Pouvez-vous nous en dire plus sur votre partenariat avec Brut dans le live shopping ?
En mettant nos forces de distributeurs et de média social en commun, nous avons l'ambition de créer la plateforme de live shopping la plus puissante du marché français. Cette expérience d'achat nouvelle et communautaire est porteuse de croissance et de valeurs pour nos deux entreprises. Après l'annonce de ce partenariat, nous avons reçu beaucoup de manifestations d'intérêt de marques et d'influenceurs. Nous sommes plutôt confiants sur notre capacité à sortir des premiers live shopping dans quelques semaines.

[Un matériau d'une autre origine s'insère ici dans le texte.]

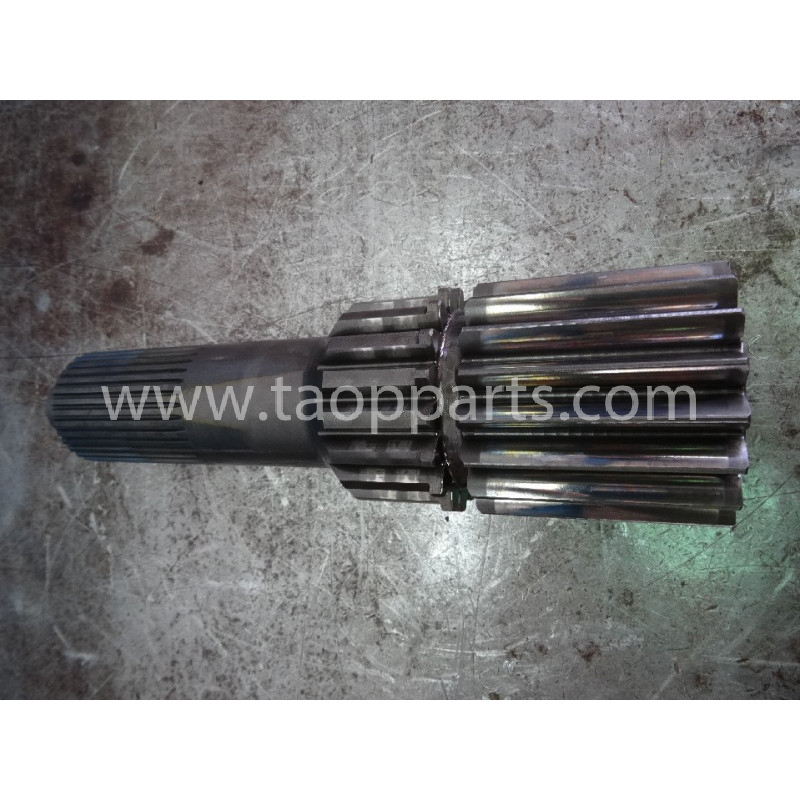 Essieu 423-22-22420 pour... Essieu 423-22-22420 pour...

Selon vous, quelles sont les innovations les plus marquantes dans le retail?
La robotisation et mécanisation dans les entrepôts et la préparation des commandes e-commerce deviennent matures. Nous observons la multiplication des technologies utilisées par le retail -comme les caméras qui permettent de repérer les ruptures en rayon, etc.- devenu un vrai terrain d'innovations. Dans les années à venir, la façon dont la technologie impacte le retail va encore s'accélérer.
Son parcours
Née en 1976, Elodie Perthuisot est diplômée de l'Ecole Polytechnique (X-Mines), de Sciences Po et titulaire d'un exécutive MBA de l'ESCP. Elle a commencé sa carrière dans le secteur public, où elle a notamment dirigé le cabinet du ministre de la Culture et de la Communication.
En 2012, elle rejoint le groupe Fnac pour diriger la filiale de billetterie. À partir de 2013, elle devient directrice commerciale de la Fnac, et conduit la transformation multicanale de la stratégie commerciale de l'enseigne. Lors de la fusion avec Darty, elle devient directrice commerciale du groupe Fnac Darty.
En 2018, elle rejoint Carrefour France comme directrice marketing et clients, membre du Comex France. Depuis 2021, elle est directrice exécutive e-commerce, data et transformation digitale pour le Groupe Carrefour, membre du Comex Groupe.